■ Input data

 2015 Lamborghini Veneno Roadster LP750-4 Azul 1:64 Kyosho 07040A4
* * *
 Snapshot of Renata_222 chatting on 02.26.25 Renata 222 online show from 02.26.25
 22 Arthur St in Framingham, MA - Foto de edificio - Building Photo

■ Description of the task
What you give back should be exactly the lines of the data above from the line with "Snapshot of Renata_222" through the line with "22 Arthur St", both of those included, and nothing more.

■ Response area
 Snapshot of Renata_222 chatting on 02.26.25 Renata 222 online show from 02.26.25
 22 Arthur St in Framingham, MA - Foto de edificio - Building Photo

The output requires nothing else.